第6話 危険な男子は魅力的

「よお、ゼット。お前たち知り合いだったのか?」


 出会ったのは頬にダビデの星を描いたエンジェル団のひとりだった。彼が眉間にしわを寄せた。


「違う」


 ゼットの言葉は短かった。


「ゼットの女になったのか?」


「違う」


 ルミルはつい、ゼットの言葉をまねた。


 ダビデの彼は相手にされないことに憤ったのか、シンゴさんを蹴ろうとした。弱い者を狙う卑怯者だ。ところがシンゴさんは、蹴りをひらりとかわし、首筋に手刀を入れた。彼が倒れた。気絶していた。


「お前の知り合いは、強いやつばかりだな」


 ゼットが道端に伸びた青年の背中に活を入れる。目覚めた彼は、シンゴさんに謝って逃げた。


「そんなことないわよ。ホワイト先生もシンゴさんも特別な人なのよ。きっと……」


 ゼットも同じでしょ、と言おうとして言葉を濁した。


 ゼットは通りの角にある大衆食堂に入った。昔ファミレスだった建物は、外壁には亀裂が走り、そこらじゅうに黒カビも生えていた。窓ガラスには、センスのないメニューが貼り付けてある。
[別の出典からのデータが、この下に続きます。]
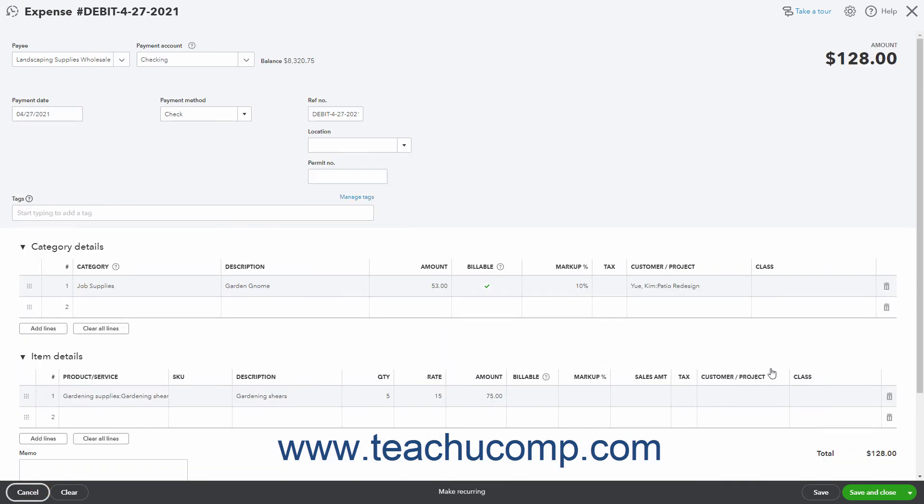To save the expense, click the Save button. To save the expense and then close the window or open a new window, click or select a choice from the Save and New or Save and Close drop-down button.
 時刻は午後3時過ぎ、……昼の仕事が一段落した店内は閑散とし、脱力感に似た空気が漂っていた。


「あっ!」


 店の奥の席で声が上がった。そこにはレッドヘッドのジェイと青い髪の男がいて、焼肉をアテにビールを飲んでいた。


「いらっしゃいませ」


 ジェイたちと一緒に話し込んでいたミニスカートの店員が重たい腰を上げる。


「ジェイじゃない」


 ルミルは彼に向かって手を振った。自分からせしめた金で昼間からビールを飲んでいるのだろう。


「知っているやつか?」


 ゼットが訊くので、ジェイ以上にゼットはどうかしていると驚いた。


「超悪魔団のジェイよ。あの時、ゼットが追い払ってくれたでしょ」


「俺は追い払ってなどいない。そうか、あいつ、ジェイというのか」


 ゼットはジェイに興味を失ってようだ。窓際の席にかけた。


「何にしましょう?」


 店員がやってきて注文を聞く。


 ゼットがお好み焼きとミネラルウオーターを注文する。ルミルも同じものにした。


「ワシはオリーブオイルを。コップ半分で十分じゃ」


 シンゴさんが注文すると、店員が目を白黒させた。


「シンゴさんはロボットなのか?」


 ゼットがシンゴさんの瞳を覗き込む。


「私のおじいさんが設計したヒューマノイドなのよ」


 ルミルは、ほんの少しだけ自慢する。


「その人の名前は?」


大和やまとよ。鈴木大和」


「そうか……」


 ゼットが目を細める。その奥に怪しい光が宿ったことにシンゴさんは気づいたが、ルミルは違った。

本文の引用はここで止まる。